Thursday, 23 April 2015

#PeopleAnalytics15 Data visualisation and storytelling




I’m at Tucana HR’s People Analytics conference today.  We had a session from Peter Howes earlier who noted that interpretation and telling a story is just as, if not more important, that the actual analytics he had been describing.  I agree, so I’ve been looking forward to the current session with Cole Nussbaumer, ex Google, on telling stories with data.

Andrew Marritt introduced the session by talking about Stephen Few who presented at one of Peter’s / Infohrm’s conferences I also spoke at some years ago and I saw links to some of his insights in Cole’s session.

We get taught how to tell stories and how to use numbers but not both together.  Doing so requires clarity about the business context, who is the audience and what we want them to do before thinking about how data can help make the appropriate point.

Options include simple text, tables (which interact with our verbal system) and graphs (which support our verbal system which is of course quicker.)  These include line graphs, slope graphs, bar charts, but probably not, as you’ll hopefully know if you’re working in analytics, pie charts.

It helps to remove clutter.  Here we talked about Gestalt principles of visual perception - including proximity, similarity, enclosure, closure, continuity and connection.  The more we take away the more our data stands out.

And to focus people’s attention.  We see stimuli with our eyes and our brains which is where perception takes place.  Eg we know about short and long-term memory but there is also Iconic memory which pays attention to pre-attentive attributes - including orientation, shape, line length, line width, size, curvature, added marks, enclosure, hue, intensity, 2D position, motion.  We can use this to provide a hierarchy of information.

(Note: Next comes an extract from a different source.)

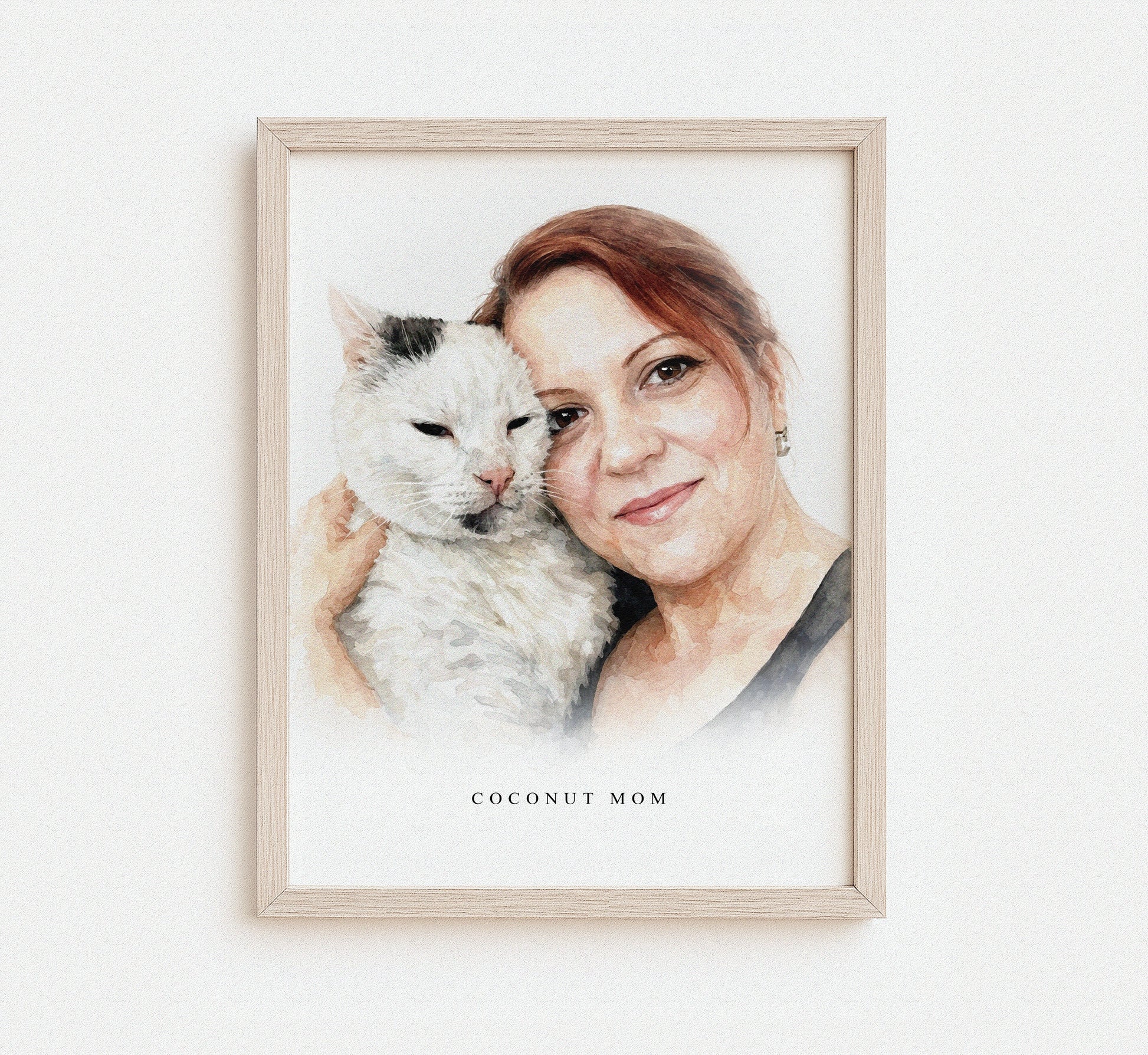 A framed watercolor-style portrait of a person holding their pet, displayed as wall art.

The final need is to tell a story - a plot (what context is essential?), twists (what is interesting about the data and what it shows?) and an ending (what do you want your audience to do?).  This helps us retain information to tell to someone else.  Words have a very important role in helping describe data - annotate it with text.

Cole demonstrated the difference between a real life example of a client graph and how this would be developed using the above principles - simple, but not easy, and very important.